Another finding is that dual-tasking affects the straight walking components of the TUG test. Dual-tasking increases iTUG time, stride length, stride velocity, cadence and gait cycle time. Additionally, the dual cognitive task has more effects compared to the dual motor task on TUG time, stride velocity and gait cycle time. In turning, the dual cognitive task also causes longer turning time and longer step time before turning. For that, it can be concluded that the dual cognitive task took more attention away from the stroke survivors with DPN compared to the dual-motor and single tasks.

As one of the explanations of the findings, a study has reported that mild to moderate stroke survivors with diabetes had poorer cognitive screening outcomes (24). One of the cognitive domains that were particularly involved was the executive function (24). Any changes in the executive function of a person may affect gait performance (5). Attention is considered to be a specific example of an executive function (25) and has a vital role in multi-tasking walking (5).
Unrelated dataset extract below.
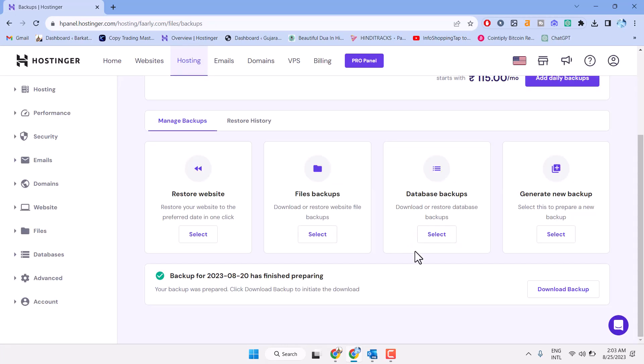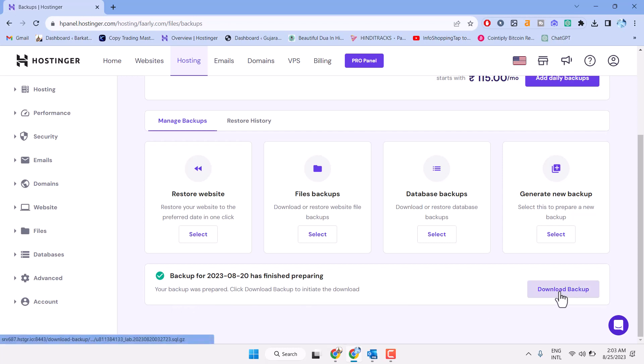Close, and here you will see this backup for this particular date has finished preparing. Your backup was prepared, click download backup. Now just click on download backup.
Reduced executive function performance affects the activity of daily living and increases risk for post-stroke disability in stroke survivors (26).

In this study, stroke survivors with DPN had a lower MoCA score than stroke survivors without DPN. The lower score showed that stroke survivors with DPN had reduced cognitive level compared to those without DPN. There have been several proposals that could explain the relationship between diabetes and reduced cognitive function (27). One of these is that DM has an indirect effect through clinical or subclinical vascular disease (27). The cognitive decline could be due to the cerebral microvascular and macrovascular damage that is associated with DM (28). Abnormal insulin regulation may also have a more direct effect on the cognitive function (27). Amyloid-beta protein accumulation in the brain caused by high insulin levels (29), is an early sign of Alzheimer’s disease (30). History of diabetes also could cause reduction in brain volume and lesion to the white matter (31).
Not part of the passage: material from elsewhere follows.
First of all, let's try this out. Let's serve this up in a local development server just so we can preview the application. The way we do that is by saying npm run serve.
One major limitation of this study is that we did not include a healthy age-matched control group and another group of stroke survivor with T2DM without DPN. The comparison between stroke survivors with T2DM with and without DPN could provide another angle for this study. Another limitation is that data collection was conducted in a physiotherapy gymnasium, which may not pose enough challenges to the participants during the dual-task conditions.

Conclusion

The findings from this study provide new insight especially for the population of stroke survivors with DPN. Dual-task training could be important for gait training in stroke survivors with DPN by reducing the number of fall incidences. Further studies are recommended to determine if the changes in the gait performance during dual-tasking are associated with fall history and identify the effects of dual-task training in stroke survivors with DPN.